Web-interfaces are spoiled: Why do you need Infrastructure-as-Code?

Developers often forget about infrastructure, relying on the magic of clouds. And it really works simply and conveniently, set up in a few clicks in the cloud resources control panel. Right up until it irreversibly dies along with your data or leads to an interesting bill with many zeros at the end of the month. The idea of an easy-to-use web-interface is spoiled.

Therefore, today we will talk about Infrastructure-as-a-Code (IaC):
  • Web interfaces initially lower the barrier to entry, but later they will negatively impact your business.
  • What is Terraform, Ansible, and how do we describe the desired state of infrastructure in code. The magic of declarative configuration.
  • You should be able to decommission a configured server at any time and deploy identical ones in new regions within minutes. Migration in a few lines of commands if IaC is set up correctly.
  • Don't have time to write infrastructure documentation? Your code does it for you.
  • What is the source of truth and why it makes life easier for your engineers.
Your application needs to run somewhere
Teams that consist mainly of developers are primarily focused on their part of the task, related to writing and maintaining the application itself. All the infrastructure on which all this will run is often perceived as something that exists on its own. "Let's put part of the data in the database, and part will be thrown into that S3 bucket." And then it should kind of work magically.

The problem is that there are no clouds. There are only other people's servers for which you are not responsible.
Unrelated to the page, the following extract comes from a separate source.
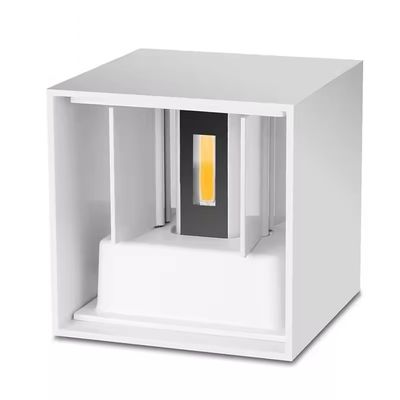 컬러 렌더링 인덱스 Ra 80 현대 외관 벽등 LED 방수 IP65 위 아래 빛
They also have their own limitations, application features, and need to be properly configured. For example, you quickly created an account in AWS or another cloud, linked a credit card, created an S3 bucket, and started dumping some intermediate application data there in a multi-threaded mode. After a few months, you suddenly realize that the storage bill is growing, while the amount of data seems unchanged. The problem may be that you forgot to explain to the cloud what to do with partially uploaded data. If data is constantly being uploaded through unstable channels, such as from users' phones through mobile networks, the bucket will remain with partially uploaded fragments.

Clouds by default usually never delete data unless explicitly requested. As a result, volumes grow, and you pay more and more for junk, the cleanup of which you forgot to configure. In the same S3, this is done by setting the DaysAfterInitiation parameter in AbortIncompleteMultipartUpload, which defines the automatic cleanup of such unwanted fragments after a specified period.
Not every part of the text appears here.